1

I'm trying to scrape (parse) the data shown in a graph from https://www.poder360.com.br/agregador-de-pesquisas/.

I have tried requests, requests-html and beautifulsoup but I'm unable to parse the whole website. Even when I click the right button and view the page source, it won't show the table with the data, whose id is "method-table".

Code from last attempt:

from requests_html import HTMLSession

def get_data(url_path):
    from requests_html import HTMLSession
    session = HTMLSession()

    r = session.get(url_path)
    r.html.render(wait = 8, sleep = 8)

    return r.html

url_path = 'https://www.poder360.com.br/agregador-de-pesquisas'
content = get_data(url_path)
print(content.html)

Also trying the following code

import requests
import json
from bs4 import BeautifulSoup

url = 'https://www.poder360.com.br/agregador-de-pesquisas'

r = requests.get(url)

soup = BeautifulSoup(r.content, 'html.parser')

print(soup)
rici
  • 234,347
  • 28
  • 237
  • 341
encrypted
  • 11
  • 2
  • That data table is created dynamically with JavaScript, so it doesn't exist in the page source.
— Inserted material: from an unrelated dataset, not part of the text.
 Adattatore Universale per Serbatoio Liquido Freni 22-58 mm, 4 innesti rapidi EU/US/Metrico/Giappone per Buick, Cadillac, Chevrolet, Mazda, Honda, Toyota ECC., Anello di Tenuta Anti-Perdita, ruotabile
You'll need to use a scraper which is capable of running the JavaScript, or figure out the URL from which the data is downloaded (probably as JSON). – rici Sep 20 '22 at 19:55
  • I tried replicating the fetch request for the API but it needs authentication. The link is https://pesquisas.poder360.com.br/api/consulta/fetch?data_pesquisa_de=1900-01-01&data_pesquisa_ate=2999-12-31&cargos_id=3&tipo_id=2&unidades_federativas_id=6&ano=2022&turno=1 – encrypted Sep 20 '22 at 20:35

1 Answers1

1

I think that is because you need Javascript to run to render the whole page and show the graph, which does not work with HTMLSession oder requests.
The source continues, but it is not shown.